All of the records listed below should be retyped exactly.

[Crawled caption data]
· · · · ·
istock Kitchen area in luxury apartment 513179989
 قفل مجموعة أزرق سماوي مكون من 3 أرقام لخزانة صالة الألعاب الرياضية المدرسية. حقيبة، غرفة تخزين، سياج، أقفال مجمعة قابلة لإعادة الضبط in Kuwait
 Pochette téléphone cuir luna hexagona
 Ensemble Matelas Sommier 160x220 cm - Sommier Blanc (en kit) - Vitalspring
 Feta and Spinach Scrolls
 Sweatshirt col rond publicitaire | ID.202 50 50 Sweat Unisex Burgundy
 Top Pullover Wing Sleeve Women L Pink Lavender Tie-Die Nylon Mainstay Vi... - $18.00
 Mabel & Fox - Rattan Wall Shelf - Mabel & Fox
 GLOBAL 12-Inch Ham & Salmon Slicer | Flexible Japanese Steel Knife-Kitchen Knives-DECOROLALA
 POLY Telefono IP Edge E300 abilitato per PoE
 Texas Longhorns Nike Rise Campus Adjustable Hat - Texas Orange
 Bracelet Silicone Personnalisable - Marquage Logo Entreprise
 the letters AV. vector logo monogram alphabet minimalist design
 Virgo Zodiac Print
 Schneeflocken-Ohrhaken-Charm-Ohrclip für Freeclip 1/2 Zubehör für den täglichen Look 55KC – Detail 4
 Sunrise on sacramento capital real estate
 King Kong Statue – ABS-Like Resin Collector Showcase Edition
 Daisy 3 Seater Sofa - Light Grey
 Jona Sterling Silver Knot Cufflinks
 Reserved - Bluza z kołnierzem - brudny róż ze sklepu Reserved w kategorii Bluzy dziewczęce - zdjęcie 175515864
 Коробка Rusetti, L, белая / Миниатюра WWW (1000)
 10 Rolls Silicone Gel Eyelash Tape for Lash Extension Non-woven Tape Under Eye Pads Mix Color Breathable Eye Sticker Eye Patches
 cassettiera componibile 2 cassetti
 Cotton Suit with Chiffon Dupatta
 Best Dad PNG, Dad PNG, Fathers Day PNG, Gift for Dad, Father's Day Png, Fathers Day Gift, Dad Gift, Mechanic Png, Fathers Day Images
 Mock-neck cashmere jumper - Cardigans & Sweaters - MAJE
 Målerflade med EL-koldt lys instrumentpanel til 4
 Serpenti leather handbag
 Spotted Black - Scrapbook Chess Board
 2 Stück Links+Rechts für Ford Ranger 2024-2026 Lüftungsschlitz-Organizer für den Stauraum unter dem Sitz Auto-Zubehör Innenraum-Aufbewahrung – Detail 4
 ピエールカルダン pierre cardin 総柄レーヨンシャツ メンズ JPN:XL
· · · · ·
Answer box —
istock Kitchen area in luxury apartment 513179989
 قفل مجموعة أزرق سماوي مكون من 3 أرقام لخزانة صالة الألعاب الرياضية المدرسية. حقيبة، غرفة تخزين، سياج، أقفال مجمعة قابلة لإعادة الضبط in Kuwait
 Pochette téléphone cuir luna hexagona
 Ensemble Matelas Sommier 160x220 cm - Sommier Blanc (en kit) - Vitalspring
 Feta and Spinach Scrolls
 Sweatshirt col rond publicitaire | ID.202 50 50 Sweat Unisex Burgundy
 Top Pullover Wing Sleeve Women L Pink Lavender Tie-Die Nylon Mainstay Vi... - $18.00
 Mabel & Fox - Rattan Wall Shelf - Mabel & Fox
 GLOBAL 12-Inch Ham & Salmon Slicer | Flexible Japanese Steel Knife-Kitchen Knives-DECOROLALA
 POLY Telefono IP Edge E300 abilitato per PoE
 Texas Longhorns Nike Rise Campus Adjustable Hat - Texas Orange
 Bracelet Silicone Personnalisable - Marquage Logo Entreprise
 the letters AV. vector logo monogram alphabet minimalist design
 Virgo Zodiac Print
 Schneeflocken-Ohrhaken-Charm-Ohrclip für Freeclip 1/2 Zubehör für den täglichen Look 55KC – Detail 4
 Sunrise on sacramento capital real estate
 King Kong Statue – ABS-Like Resin Collector Showcase Edition
 Daisy 3 Seater Sofa - Light Grey
 Jona Sterling Silver Knot Cufflinks
 Reserved - Bluza z kołnierzem - brudny róż ze sklepu Reserved w kategorii Bluzy dziewczęce - zdjęcie 175515864
 Коробка Rusetti, L, белая / Миниатюра WWW (1000)
 10 Rolls Silicone Gel Eyelash Tape for Lash Extension Non-woven Tape Under Eye Pads Mix Color Breathable Eye Sticker Eye Patches
 cassettiera componibile 2 cassetti
 Cotton Suit with Chiffon Dupatta
 Best Dad PNG, Dad PNG, Fathers Day PNG, Gift for Dad, Father's Day Png, Fathers Day Gift, Dad Gift, Mechanic Png, Fathers Day Images
 Mock-neck cashmere jumper - Cardigans & Sweaters - MAJE
 Målerflade med EL-koldt lys instrumentpanel til 4
 Serpenti leather handbag
 Spotted Black - Scrapbook Chess Board
 2 Stück Links+Rechts für Ford Ranger 2024-2026 Lüftungsschlitz-Organizer für den Stauraum unter dem Sitz Auto-Zubehör Innenraum-Aufbewahrung – Detail 4
 ピエールカルダン pierre cardin 総柄レーヨンシャツ メンズ JPN:XL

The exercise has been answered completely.